I had some time when I was up at my parent's house to get my sails down and inspect them. I had not really had time to do that in the fall. In general, the sails are in really great shape. The main, genoa, and storm jib are all in amazing condition. The main and storm jib look brand new and the genoa looks lightly used. The spinnaker is in pretty good shape as well, with one or two tiny holes. This is not really an issue, as the spinnaker is made from rip-stop nylon.

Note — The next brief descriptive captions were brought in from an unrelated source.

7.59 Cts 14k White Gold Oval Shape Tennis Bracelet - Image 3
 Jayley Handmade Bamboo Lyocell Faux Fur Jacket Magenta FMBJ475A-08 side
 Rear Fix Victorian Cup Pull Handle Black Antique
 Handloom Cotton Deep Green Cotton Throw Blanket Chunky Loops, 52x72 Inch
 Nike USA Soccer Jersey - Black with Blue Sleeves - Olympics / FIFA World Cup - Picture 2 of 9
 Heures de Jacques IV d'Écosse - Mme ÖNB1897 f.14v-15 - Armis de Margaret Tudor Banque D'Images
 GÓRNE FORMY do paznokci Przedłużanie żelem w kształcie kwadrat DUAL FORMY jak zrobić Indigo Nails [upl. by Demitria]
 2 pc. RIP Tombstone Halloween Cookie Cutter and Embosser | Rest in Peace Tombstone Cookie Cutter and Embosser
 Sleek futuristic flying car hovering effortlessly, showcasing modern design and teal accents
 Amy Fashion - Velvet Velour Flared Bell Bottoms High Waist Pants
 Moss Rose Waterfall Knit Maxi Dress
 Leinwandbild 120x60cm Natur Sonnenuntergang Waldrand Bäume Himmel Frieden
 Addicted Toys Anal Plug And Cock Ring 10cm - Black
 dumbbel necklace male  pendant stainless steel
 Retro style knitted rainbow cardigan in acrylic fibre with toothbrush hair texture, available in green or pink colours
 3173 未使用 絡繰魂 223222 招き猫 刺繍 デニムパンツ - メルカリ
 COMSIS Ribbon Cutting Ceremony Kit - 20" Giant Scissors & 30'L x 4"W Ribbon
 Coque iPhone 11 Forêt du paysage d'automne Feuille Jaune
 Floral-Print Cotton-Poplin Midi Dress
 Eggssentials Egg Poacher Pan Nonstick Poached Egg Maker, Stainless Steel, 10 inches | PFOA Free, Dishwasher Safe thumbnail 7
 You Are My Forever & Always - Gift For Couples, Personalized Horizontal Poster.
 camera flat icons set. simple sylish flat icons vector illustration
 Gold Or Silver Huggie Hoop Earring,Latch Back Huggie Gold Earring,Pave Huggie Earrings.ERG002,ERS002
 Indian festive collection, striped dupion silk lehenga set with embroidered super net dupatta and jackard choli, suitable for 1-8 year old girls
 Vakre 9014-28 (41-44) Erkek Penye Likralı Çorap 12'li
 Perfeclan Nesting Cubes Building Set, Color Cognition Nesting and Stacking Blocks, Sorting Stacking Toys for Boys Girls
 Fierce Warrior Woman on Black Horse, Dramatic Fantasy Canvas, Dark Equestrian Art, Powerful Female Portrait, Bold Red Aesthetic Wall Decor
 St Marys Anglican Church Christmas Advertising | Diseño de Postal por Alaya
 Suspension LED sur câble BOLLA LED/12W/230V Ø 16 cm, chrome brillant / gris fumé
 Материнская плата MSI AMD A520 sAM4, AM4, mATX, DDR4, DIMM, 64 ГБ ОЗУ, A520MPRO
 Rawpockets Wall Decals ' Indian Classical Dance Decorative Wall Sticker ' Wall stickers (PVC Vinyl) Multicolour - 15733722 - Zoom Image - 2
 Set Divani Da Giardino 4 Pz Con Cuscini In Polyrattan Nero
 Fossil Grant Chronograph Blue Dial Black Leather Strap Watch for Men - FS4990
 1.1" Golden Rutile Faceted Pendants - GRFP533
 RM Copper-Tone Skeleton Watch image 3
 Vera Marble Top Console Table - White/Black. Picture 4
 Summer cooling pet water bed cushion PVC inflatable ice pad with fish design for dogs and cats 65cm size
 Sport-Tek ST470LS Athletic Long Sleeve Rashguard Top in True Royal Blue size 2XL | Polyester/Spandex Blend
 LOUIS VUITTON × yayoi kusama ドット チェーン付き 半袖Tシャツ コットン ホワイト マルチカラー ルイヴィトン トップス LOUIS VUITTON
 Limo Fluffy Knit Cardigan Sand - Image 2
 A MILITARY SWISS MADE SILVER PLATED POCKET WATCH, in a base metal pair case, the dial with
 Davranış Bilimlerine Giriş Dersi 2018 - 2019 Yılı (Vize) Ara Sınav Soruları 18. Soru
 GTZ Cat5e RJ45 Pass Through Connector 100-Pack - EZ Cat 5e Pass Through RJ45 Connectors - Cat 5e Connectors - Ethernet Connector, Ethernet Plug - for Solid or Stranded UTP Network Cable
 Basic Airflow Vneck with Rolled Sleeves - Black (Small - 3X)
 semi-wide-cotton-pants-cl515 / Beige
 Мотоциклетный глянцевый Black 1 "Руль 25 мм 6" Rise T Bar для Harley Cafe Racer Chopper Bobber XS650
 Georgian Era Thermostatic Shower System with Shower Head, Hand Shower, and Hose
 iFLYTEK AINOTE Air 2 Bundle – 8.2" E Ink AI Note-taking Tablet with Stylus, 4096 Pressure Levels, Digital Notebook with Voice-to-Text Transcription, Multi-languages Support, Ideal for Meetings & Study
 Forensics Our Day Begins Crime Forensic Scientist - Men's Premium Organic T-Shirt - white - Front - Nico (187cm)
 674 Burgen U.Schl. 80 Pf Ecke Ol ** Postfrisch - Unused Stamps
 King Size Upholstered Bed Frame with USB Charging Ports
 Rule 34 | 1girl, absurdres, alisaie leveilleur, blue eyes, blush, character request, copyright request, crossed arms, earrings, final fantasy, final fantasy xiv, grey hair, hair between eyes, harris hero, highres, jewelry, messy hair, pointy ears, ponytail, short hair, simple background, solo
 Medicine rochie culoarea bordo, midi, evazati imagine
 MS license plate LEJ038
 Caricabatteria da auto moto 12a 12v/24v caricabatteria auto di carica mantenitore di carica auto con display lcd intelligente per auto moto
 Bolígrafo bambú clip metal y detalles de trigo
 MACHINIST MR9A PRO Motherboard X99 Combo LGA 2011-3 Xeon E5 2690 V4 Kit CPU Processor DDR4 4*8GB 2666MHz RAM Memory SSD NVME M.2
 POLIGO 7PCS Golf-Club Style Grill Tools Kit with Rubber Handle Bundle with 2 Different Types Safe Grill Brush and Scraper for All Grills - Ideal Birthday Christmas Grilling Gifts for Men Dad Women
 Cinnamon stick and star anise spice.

To the right are the three head sails (genoa, working jib, storm jib) laid out on each other. The genoa looks like a 150% genoa, meaning that is overlaps the main sail by about 50% to make use of more sail area in light to moderate wind conditions. The working jib does not overlap the main and is used in moderate winds, while the storm jib is used in heavy winds. If I were planning to do a lot of open ocean sailing, I would get a true storm jib (about 35 sq ft) and a storm trysail (to replace the main, about 50 sq ft). These sails are designed for when you're sailing in storm weather, with winds that are probably 40+ knots, and therefore TINY!!! Enough about sails I don't have though. The working jib has seen a lot of use, and unfortunately has a few holes in it from mice. While some might see this as a major setback, I see it as an opportunity to learn to patch my sails. Eventually I want to make my own sails when I have to replace these, or when I get the next boat. Learning to patch the ones I have is a good way to get started. It is a relatively small undertaking, but it sets up a lot of the basic techniques for sewing sails (at least by hand).
More to come soon, including starting the bottom paint project. Until then, I wish you all fair winds and following seas!